──────── DATA TO USE ────────

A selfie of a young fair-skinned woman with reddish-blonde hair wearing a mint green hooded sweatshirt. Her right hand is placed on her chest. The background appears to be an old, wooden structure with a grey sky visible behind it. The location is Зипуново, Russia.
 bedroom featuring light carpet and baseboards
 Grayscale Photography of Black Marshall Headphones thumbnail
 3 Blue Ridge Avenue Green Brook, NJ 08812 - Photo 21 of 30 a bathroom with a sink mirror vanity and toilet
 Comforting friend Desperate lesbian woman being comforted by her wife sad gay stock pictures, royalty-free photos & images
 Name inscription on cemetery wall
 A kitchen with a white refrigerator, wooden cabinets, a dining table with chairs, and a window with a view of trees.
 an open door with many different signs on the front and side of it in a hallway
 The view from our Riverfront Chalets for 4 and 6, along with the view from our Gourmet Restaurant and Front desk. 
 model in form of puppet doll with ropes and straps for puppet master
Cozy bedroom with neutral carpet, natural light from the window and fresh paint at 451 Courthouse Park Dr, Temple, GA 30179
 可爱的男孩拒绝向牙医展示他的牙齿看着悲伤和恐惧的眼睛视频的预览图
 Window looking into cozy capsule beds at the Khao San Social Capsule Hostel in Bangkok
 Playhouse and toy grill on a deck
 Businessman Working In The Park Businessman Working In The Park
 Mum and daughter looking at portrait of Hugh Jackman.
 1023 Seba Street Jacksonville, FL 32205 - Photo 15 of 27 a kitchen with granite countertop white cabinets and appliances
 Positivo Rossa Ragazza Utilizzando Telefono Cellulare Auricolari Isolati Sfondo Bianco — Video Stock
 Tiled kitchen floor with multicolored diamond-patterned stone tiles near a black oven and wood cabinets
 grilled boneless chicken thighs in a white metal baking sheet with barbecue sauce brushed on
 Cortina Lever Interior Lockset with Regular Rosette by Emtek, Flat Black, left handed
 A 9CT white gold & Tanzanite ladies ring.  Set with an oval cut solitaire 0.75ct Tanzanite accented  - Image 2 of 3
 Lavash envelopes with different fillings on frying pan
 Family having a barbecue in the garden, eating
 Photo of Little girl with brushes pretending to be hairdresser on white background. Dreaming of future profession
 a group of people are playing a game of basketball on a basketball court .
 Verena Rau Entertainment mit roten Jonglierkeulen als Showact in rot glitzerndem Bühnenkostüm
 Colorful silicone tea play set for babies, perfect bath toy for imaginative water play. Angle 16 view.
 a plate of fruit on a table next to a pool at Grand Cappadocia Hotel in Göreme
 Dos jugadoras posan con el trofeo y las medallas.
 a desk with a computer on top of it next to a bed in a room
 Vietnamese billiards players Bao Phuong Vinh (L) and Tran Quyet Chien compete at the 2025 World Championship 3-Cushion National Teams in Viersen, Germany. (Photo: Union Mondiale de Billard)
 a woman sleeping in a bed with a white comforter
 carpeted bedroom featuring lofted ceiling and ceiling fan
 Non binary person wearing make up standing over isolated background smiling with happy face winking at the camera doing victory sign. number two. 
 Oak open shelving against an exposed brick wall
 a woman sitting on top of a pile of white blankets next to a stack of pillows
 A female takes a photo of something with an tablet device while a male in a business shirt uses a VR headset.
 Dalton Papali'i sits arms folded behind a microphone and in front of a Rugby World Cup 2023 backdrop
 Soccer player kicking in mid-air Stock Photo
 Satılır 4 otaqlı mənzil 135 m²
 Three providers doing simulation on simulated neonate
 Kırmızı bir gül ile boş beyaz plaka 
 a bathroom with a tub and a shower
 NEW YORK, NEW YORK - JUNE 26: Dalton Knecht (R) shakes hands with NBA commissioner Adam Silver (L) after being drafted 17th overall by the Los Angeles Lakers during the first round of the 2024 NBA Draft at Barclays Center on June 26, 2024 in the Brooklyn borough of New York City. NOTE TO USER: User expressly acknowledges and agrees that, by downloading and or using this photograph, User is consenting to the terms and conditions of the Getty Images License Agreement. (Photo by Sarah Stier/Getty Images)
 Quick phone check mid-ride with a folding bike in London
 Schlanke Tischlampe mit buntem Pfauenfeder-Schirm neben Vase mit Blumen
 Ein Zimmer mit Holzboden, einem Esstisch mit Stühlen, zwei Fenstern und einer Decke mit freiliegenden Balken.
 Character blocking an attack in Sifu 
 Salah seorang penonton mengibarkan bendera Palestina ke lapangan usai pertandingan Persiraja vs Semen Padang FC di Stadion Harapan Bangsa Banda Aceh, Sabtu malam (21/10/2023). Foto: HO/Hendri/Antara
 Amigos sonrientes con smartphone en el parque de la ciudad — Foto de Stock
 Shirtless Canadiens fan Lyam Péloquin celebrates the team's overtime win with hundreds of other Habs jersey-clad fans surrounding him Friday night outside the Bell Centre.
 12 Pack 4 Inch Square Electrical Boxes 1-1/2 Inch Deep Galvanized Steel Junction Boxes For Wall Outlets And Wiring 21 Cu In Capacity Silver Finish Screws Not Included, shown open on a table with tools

────────

● **EXERCISE**: Your job is to write out the data exactly as it stands.

● **PROBLEM SOLUTION**:
A selfie of a young fair-skinned woman with reddish-blonde hair wearing a mint green hooded sweatshirt. Her right hand is placed on her chest. The background appears to be an old, wooden structure with a grey sky visible behind it. The location is Зипуново, Russia.
 bedroom featuring light carpet and baseboards
 Grayscale Photography of Black Marshall Headphones thumbnail
 3 Blue Ridge Avenue Green Brook, NJ 08812 - Photo 21 of 30 a bathroom with a sink mirror vanity and toilet
 Comforting friend Desperate lesbian woman being comforted by her wife sad gay stock pictures, royalty-free photos & images
 Name inscription on cemetery wall
 A kitchen with a white refrigerator, wooden cabinets, a dining table with chairs, and a window with a view of trees.
 an open door with many different signs on the front and side of it in a hallway
 The view from our Riverfront Chalets for 4 and 6, along with the view from our Gourmet Restaurant and Front desk. 
 model in form of puppet doll with ropes and straps for puppet master
Cozy bedroom with neutral carpet, natural light from the window and fresh paint at 451 Courthouse Park Dr, Temple, GA 30179
 可爱的男孩拒绝向牙医展示他的牙齿看着悲伤和恐惧的眼睛视频的预览图
 Window looking into cozy capsule beds at the Khao San Social Capsule Hostel in Bangkok
 Playhouse and toy grill on a deck
 Businessman Working In The Park Businessman Working In The Park
 Mum and daughter looking at portrait of Hugh Jackman.
 1023 Seba Street Jacksonville, FL 32205 - Photo 15 of 27 a kitchen with granite countertop white cabinets and appliances
 Positivo Rossa Ragazza Utilizzando Telefono Cellulare Auricolari Isolati Sfondo Bianco — Video Stock
 Tiled kitchen floor with multicolored diamond-patterned stone tiles near a black oven and wood cabinets
 grilled boneless chicken thighs in a white metal baking sheet with barbecue sauce brushed on
 Cortina Lever Interior Lockset with Regular Rosette by Emtek, Flat Black, left handed
 A 9CT white gold & Tanzanite ladies ring.  Set with an oval cut solitaire 0.75ct Tanzanite accented  - Image 2 of 3
 Lavash envelopes with different fillings on frying pan
 Family having a barbecue in the garden, eating
 Photo of Little girl with brushes pretending to be hairdresser on white background. Dreaming of future profession
 a group of people are playing a game of basketball on a basketball court .
 Verena Rau Entertainment mit roten Jonglierkeulen als Showact in rot glitzerndem Bühnenkostüm
 Colorful silicone tea play set for babies, perfect bath toy for imaginative water play. Angle 16 view.
 a plate of fruit on a table next to a pool at Grand Cappadocia Hotel in Göreme
 Dos jugadoras posan con el trofeo y las medallas.
 a desk with a computer on top of it next to a bed in a room
 Vietnamese billiards players Bao Phuong Vinh (L) and Tran Quyet Chien compete at the 2025 World Championship 3-Cushion National Teams in Viersen, Germany. (Photo: Union Mondiale de Billard)
 a woman sleeping in a bed with a white comforter
 carpeted bedroom featuring lofted ceiling and ceiling fan
 Non binary person wearing make up standing over isolated background smiling with happy face winking at the camera doing victory sign. number two. 
 Oak open shelving against an exposed brick wall
 a woman sitting on top of a pile of white blankets next to a stack of pillows
 A female takes a photo of something with an tablet device while a male in a business shirt uses a VR headset.
 Dalton Papali'i sits arms folded behind a microphone and in front of a Rugby World Cup 2023 backdrop
 Soccer player kicking in mid-air Stock Photo
 Satılır 4 otaqlı mənzil 135 m²
 Three providers doing simulation on simulated neonate
 Kırmızı bir gül ile boş beyaz plaka 
 a bathroom with a tub and a shower
 NEW YORK, NEW YORK - JUNE 26: Dalton Knecht (R) shakes hands with NBA commissioner Adam Silver (L) after being drafted 17th overall by the Los Angeles Lakers during the first round of the 2024 NBA Draft at Barclays Center on June 26, 2024 in the Brooklyn borough of New York City. NOTE TO USER: User expressly acknowledges and agrees that, by downloading and or using this photograph, User is consenting to the terms and conditions of the Getty Images License Agreement. (Photo by Sarah Stier/Getty Images)
 Quick phone check mid-ride with a folding bike in London
 Schlanke Tischlampe mit buntem Pfauenfeder-Schirm neben Vase mit Blumen
 Ein Zimmer mit Holzboden, einem Esstisch mit Stühlen, zwei Fenstern und einer Decke mit freiliegenden Balken.
 Character blocking an attack in Sifu 
 Salah seorang penonton mengibarkan bendera Palestina ke lapangan usai pertandingan Persiraja vs Semen Padang FC di Stadion Harapan Bangsa Banda Aceh, Sabtu malam (21/10/2023). Foto: HO/Hendri/Antara
 Amigos sonrientes con smartphone en el parque de la ciudad — Foto de Stock
 Shirtless Canadiens fan Lyam Péloquin celebrates the team's overtime win with hundreds of other Habs jersey-clad fans surrounding him Friday night outside the Bell Centre.
 12 Pack 4 Inch Square Electrical Boxes 1-1/2 Inch Deep Galvanized Steel Junction Boxes For Wall Outlets And Wiring 21 Cu In Capacity Silver Finish Screws Not Included, shown open on a table with tools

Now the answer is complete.